# Work instruction:
Find the line that contains "Naturefam Dry Fruit Mix Pack of 4x250g (1kg)". Output it and every line after it to the end of the records, exactly as they appear.
************
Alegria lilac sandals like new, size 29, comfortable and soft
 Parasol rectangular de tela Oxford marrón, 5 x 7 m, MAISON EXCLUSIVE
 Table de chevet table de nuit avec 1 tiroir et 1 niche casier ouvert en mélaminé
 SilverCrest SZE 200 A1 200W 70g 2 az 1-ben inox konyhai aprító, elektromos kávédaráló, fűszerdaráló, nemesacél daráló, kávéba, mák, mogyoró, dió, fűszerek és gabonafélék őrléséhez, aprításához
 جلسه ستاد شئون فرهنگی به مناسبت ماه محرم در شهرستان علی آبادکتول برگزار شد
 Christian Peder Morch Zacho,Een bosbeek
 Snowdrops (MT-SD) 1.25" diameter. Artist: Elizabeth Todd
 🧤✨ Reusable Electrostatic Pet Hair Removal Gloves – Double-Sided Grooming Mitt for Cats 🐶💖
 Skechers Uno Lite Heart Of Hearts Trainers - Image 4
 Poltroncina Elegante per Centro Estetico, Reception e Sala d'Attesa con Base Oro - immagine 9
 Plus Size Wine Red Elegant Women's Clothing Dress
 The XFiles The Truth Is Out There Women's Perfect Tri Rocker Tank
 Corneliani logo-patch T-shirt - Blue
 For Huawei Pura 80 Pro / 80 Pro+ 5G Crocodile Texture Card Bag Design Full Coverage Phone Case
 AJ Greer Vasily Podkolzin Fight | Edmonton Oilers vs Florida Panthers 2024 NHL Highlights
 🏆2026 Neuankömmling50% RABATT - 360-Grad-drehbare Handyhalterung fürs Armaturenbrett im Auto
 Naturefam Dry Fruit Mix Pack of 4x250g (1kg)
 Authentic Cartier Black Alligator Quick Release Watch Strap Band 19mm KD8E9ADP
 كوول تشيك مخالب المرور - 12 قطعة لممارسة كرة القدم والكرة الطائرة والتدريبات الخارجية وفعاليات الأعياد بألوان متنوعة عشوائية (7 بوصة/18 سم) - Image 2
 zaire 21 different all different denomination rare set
************
# Exercise output:
 Naturefam Dry Fruit Mix Pack of 4x250g (1kg)
 Authentic Cartier Black Alligator Quick Release Watch Strap Band 19mm KD8E9ADP
 كوول تشيك مخالب المرور - 12 قطعة لممارسة كرة القدم والكرة الطائرة والتدريبات الخارجية وفعاليات الأعياد بألوان متنوعة عشوائية (7 بوصة/18 سم) - Image 2
 zaire 21 different all different denomination rare set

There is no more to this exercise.